Born in 1963, the baby boy of nine siblings, Lee Tracy spent his earliest years living amidst the shotgun houses on Nashville's south side. "We was poor, man!" he says, recalling the outhouse his family used for a bathroom and the blocks of ice they kept in the kitchen to chill perishables. "But I actually don't think I really realized I was in poverty until I got grown and started thinking about it." Lee's mom worked at the Holiday Inn; his dad did whatever he had to do, from selling fruit from a horse drawn cart to bootlegging. "We didn't have much," Lee continues, "but my mother and my father got us the things we needed, the clothes on our back." By the end of the decade with the city's urban renewal programs razing entire neighborhoods to accommodate construction of the Interstate, the family moved to Edgehill Projects. Lee remembers music and art as a constant source of inspiration for he and his brothers and sisters – especially after seeing the Jackson 5 perform on Ed Sullivan. "As a small child I just knew that was what I wanted to do."

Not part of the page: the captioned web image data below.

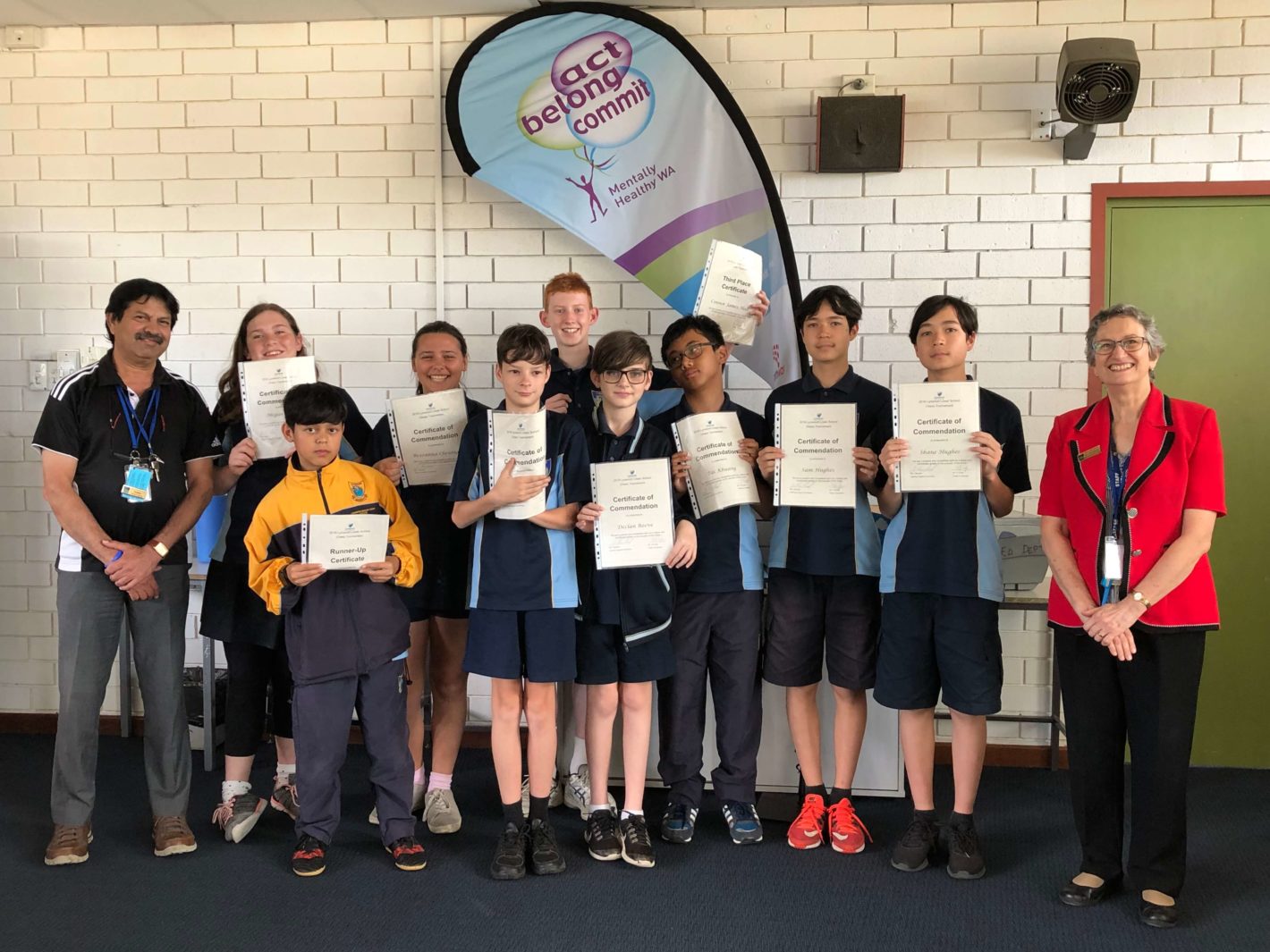 9 students holding certificates with two teachers next to them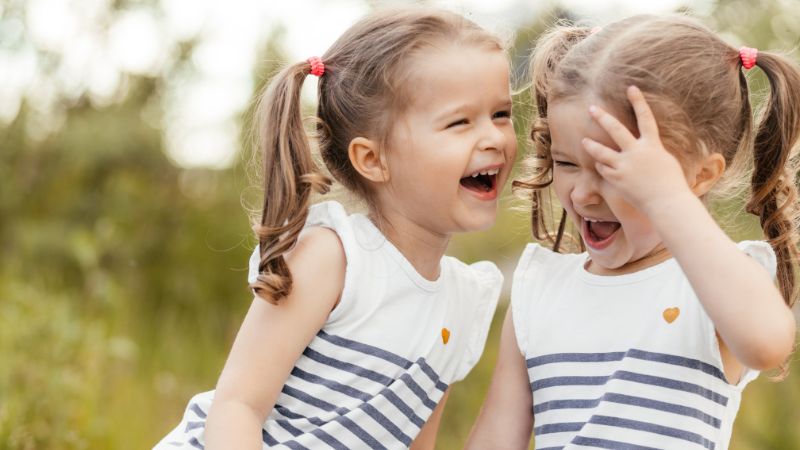 Twins that are donor-conceived laughing
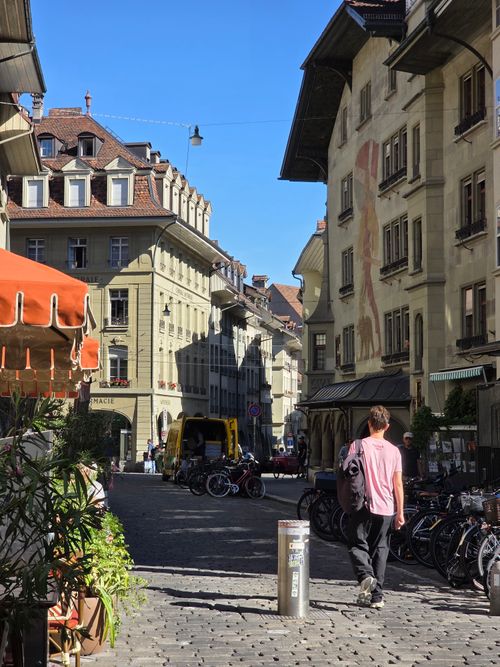 Free Sunny day on a bustling European street with classic architecture and bicycles. Stock Photo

His older brother Don began musically mentoring him, introducing Lee to a variety of instruments and sounds. "He would never play one particular type of music, like R&B," says Lee. "I was surrounded by jazz, hard rock and roll, easy listening, gospel, reggae, country music; I mean I was a sponge absorbing all of that." Lee taught himself to play drums by beating on cardboard boxes, gaining a rep around the way for his timekeeping, and his singing voice. Emulating his favorites, Earth Wind & Fire and Cameo, he formed groups with other kids with era-evocative band names like Concept and TNT Connection, and emerged as the leader of disciplined rehearsals. "I made them practice," says Lee. "We practiced and practiced and practiced. Because I wanted that perfection." By high school the most accomplished of these bands would take top prize in a prominent local talent show. It was a big moment for Lee, and he felt ready to take things to the next level. But his band-mates had other ideas.

"I don't know what happened," he says, still miffed at the memory. "It must have blew they mind after we won and people started showing notice, because it's like everybody quit! I was like, where the hell did everybody go?" Lee had always made a point of interrogating prospective musicians about their intentions before joining his groups: were they really serious or just looking for a way to pick up girls? Now he understood even more the importance of finding a collaborator just as committed to the music as he was.

=

Isaac Manning had spent much of his life immersed in music and the arts – singing in the church choir with his family on Nashville's north side, writing, painting, dancing, and working various gigs within the entertainment industry. After serving in the armed forces, in the early '70s he ran The Teenage Place, a music and performance venue that catered to the local youth. But he was forced out of town when word of one of his recreational routines created a stir beyond the safe haven of his bohemian circles.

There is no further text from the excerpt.